Required action
After finding the line that includes "2017 DODGE CARAVAN" in the records below, transcribe it and each line after it through the last, exactly, and add nothing.

::::

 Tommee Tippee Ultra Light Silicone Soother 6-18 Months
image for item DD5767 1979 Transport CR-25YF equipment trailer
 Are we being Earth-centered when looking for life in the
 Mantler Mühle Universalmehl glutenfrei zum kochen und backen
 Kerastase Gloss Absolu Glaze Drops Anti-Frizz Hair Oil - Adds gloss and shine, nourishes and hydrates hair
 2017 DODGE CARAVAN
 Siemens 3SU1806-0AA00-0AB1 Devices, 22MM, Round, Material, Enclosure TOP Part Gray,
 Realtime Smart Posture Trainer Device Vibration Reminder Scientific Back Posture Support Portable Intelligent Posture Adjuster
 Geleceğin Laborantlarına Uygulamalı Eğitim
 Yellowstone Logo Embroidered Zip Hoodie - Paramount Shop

::::

Output of the task
 2017 DODGE CARAVAN
 Siemens 3SU1806-0AA00-0AB1 Devices, 22MM, Round, Material, Enclosure TOP Part Gray,
 Realtime Smart Posture Trainer Device Vibration Reminder Scientific Back Posture Support Portable Intelligent Posture Adjuster
 Geleceğin Laborantlarına Uygulamalı Eğitim
 Yellowstone Logo Embroidered Zip Hoodie - Paramount Shop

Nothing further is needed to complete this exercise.